Foxp3/Transcription Factor Staining Kit

Background

Foxp3 / Transcription Factor Staining Kit has been formulated and optimized for staining with antibodies to transcription factors and nuclear proteins, such as Foxp3 and STAT3, as well as cytokines and chemokines.

Components

Instructions

Dilute Fixation Concentrate (4x) with Fixation Dilution Solution to 1x Fixation Working Solution before use. For example, take 1 mL Fixation Concentrate (4x) and add it to 3 mL Fixation Dilution Solution to get 4 mL 1x Fixation Working Solution. Each sample requires 1 mL of 1x Fixation Working Solution.
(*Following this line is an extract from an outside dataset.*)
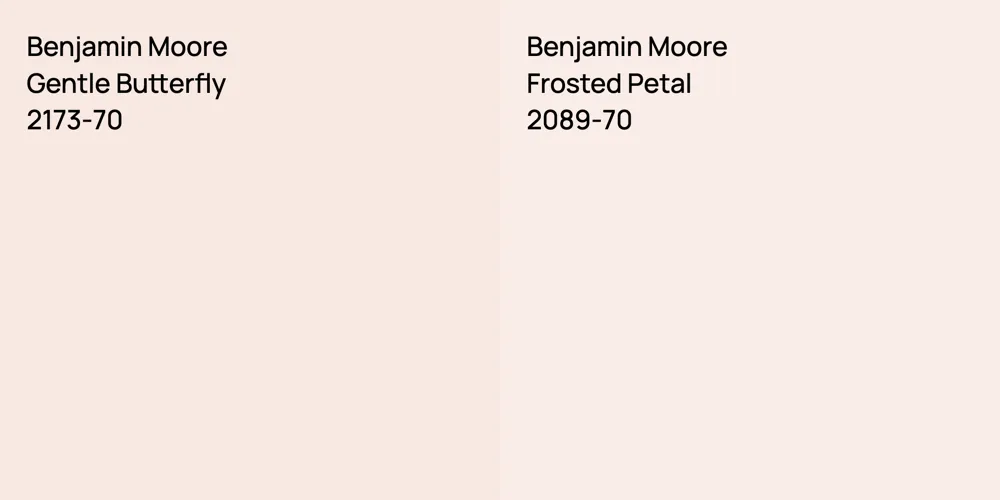 Benjamin Moore Gentle Butterfly vs. Benjamin Moore Frosted Petal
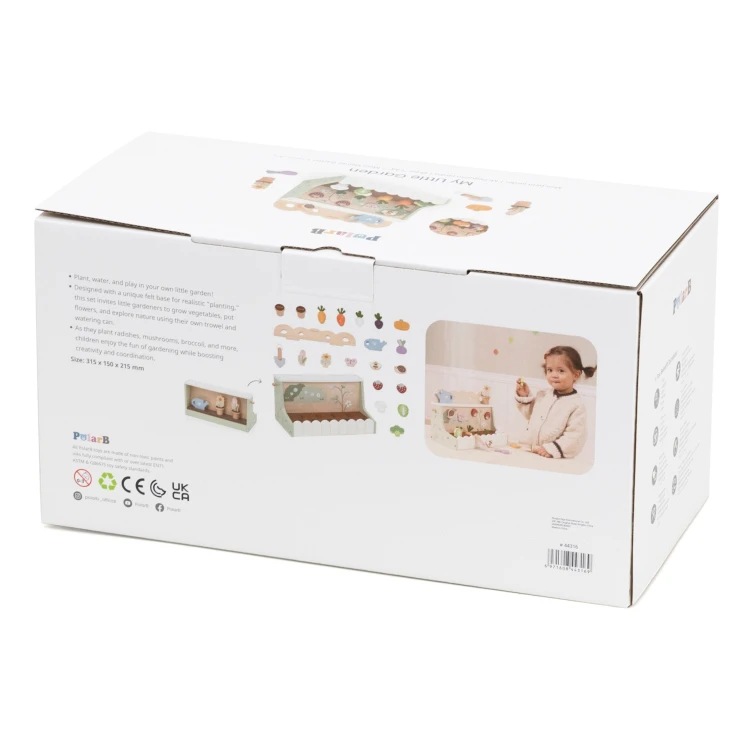 Detal kolorowych dekoracji ogrodowych w zestawie Małego Ogrodnika Viga Toys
Dilute Permeabilization Buffer (10x) with ddH2O to 1xPermeabilization Working Solution before use. For example, take 1 mL Permeabilization Buffer (10x), and add it to 9 mL ddH2O to get 10 mL 1x Permeabilization Working Solution. Each sample requires 8.5 mL of 1x Permeabilization Working Solution.

1. Add the single-cell suspension into tubes, 1x 106 cells in 100 µL suspension per tube.
2. Stain cells with a Fixable Viability Dye. (Optional)
3. Stain cell surface markers.
4. After incubating with the cell surface marker, add 1 mL of Cell Staining Buffer, centrifuge samples at 300 g for 5 min, discard the supernatant, then resuspend the cells with 100 µL of Cell Staining Buffer.
5. Add 1 mL of 1x Fixation Working Solution to each tube and mix fully, incubate the cells at 4°C for 30 min, then centrifuge at 600 g for 5 min and discard the supernatant.
6. Add 2 mL of 1x Permeabilization Working Solution to each tube and mix fully, centrifuge at 600 g for 5 min and discard the supernatant.
7. Repeat Step 6.
8. Resuspend the cells with 100 µL of 1x Permeabilization Working Solution.
9. Block with 2 % normal mouse/rat serum by adding 2 µL directly to the cells. Incubate for 15 min at room temperature. (Optional)
10. Without washing, add the recommended amount of directly FCM antibody for detection of intracellular antigen(s) to cells and incubate for at least 30 min at room temperature in the dark.
11. Add 2 mL of 1x Permeabilization Working Solution to each tube and centrifuge at 600 g for 5 min at room temperature. Discard the supernatant.
12. Resuspend the cells with appropriate Cell Staining Buffer, then analyze the samples by flow cytometer.

Storage

Store at 4°C for six months in the dark. Avoid freeze / thaw cycles.

Cautions

1. For maximal assay performance, this reagent should be used within 6 months. Avoid freeze / thaw cycles.
2. The fixation and permeabilization steps that are required for the detection of intracellular antigens may alter the light scatter properties of cells and may increase non-specific background staining. Including extra proteins such as BSA or fetal calf serum (FCS) in the staining buffer may help reduce non-specific background. The use of Fixable Viability Dyes is recommended to help eliminate dead cells during the analysis.
3. For your safety and health, please wear the lab coat and disposable gloves before the experiments.